Très vite, les organisations interdites, ANC, confédération syndicale Sactu, Parti communiste, notamment, sont légalisées. Le peuple envahit les rues, les routes et les terres de sa patrie qui lui étaient interdites. Plus de passeports intérieurs, plus d’arrestations, plus de séparation des « races ». Un vent de liberté souffle sur l’Afrique du Sud.
« Nous, le peuple d’Afrique du Sud, nous nous sentons comblés, l’Humanité nous a ramenés en son sein, nous qui étions des hors-la-loi pendant si longtemps, nous avons aujourd’hui reçu le rare privilège d’accueillir les nations du monde sur notre propre sol. Le temps de cicatriser les plaies est venu. Le moment de combler l’abîme qui nous sépare est venu. […] Nous avons, finalement, atteint notre émancipation politique. Nous promettons de libérer tout notre peuple de l’esclavage de la pauvreté, des privations, de la souffrance, des discriminations fondées sur le sexe et autres. […] Nous devons agir ensemble, comme un peuple uni, pour la réconciliation nationale, pour la construction de la nation, pour la naissance d’un nouveau monde […] Que règne la liberté ! »
Ce sont là quelques-unes des paroles prononcées le 10 mai 1994 par celui que tous appellent désormais affectueusement « Madiba », son nom tribal.

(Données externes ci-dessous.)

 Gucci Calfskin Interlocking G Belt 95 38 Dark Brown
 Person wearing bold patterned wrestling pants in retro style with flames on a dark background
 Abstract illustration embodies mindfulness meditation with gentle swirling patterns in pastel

Du haut du balcon de l’Union Building, siège de la présidence, le premier président de la République sud-africaine « noir » s’adressait ce jour-là, pour la première fois, à son peuple et au monde. Et, ce jour-là, les Mirage achetés aux Français par le régime d’apartheid, en violation des résolutions du Conseil de sécurité de l’Onu, ceux-là mêmes qui larguaient des bombes sur les forces de libération et les villages angolais, survolèrent une foule ébahie et émue aux larmes, amassée sur la pelouse d’Union Building. Au même moment, les blindés Caspir de sinistre mémoire et la nouvelle armée sud-africaine, forte des combattants d’Umkhonto, défilaient dans les grandes artères environnantes. Symboles de la puissance de tir et de répression du régime raciste pour les premiers, héros de la lutte de libération pour les seconds, ils célébraient ensemble la victoire sous les yeux de Nelson Mandela et dans une émotion populaire historique partagée par des millions de personnes sur la planète.
Aujourd’hui, et pour toujours, l’humanité te salue, Madiba.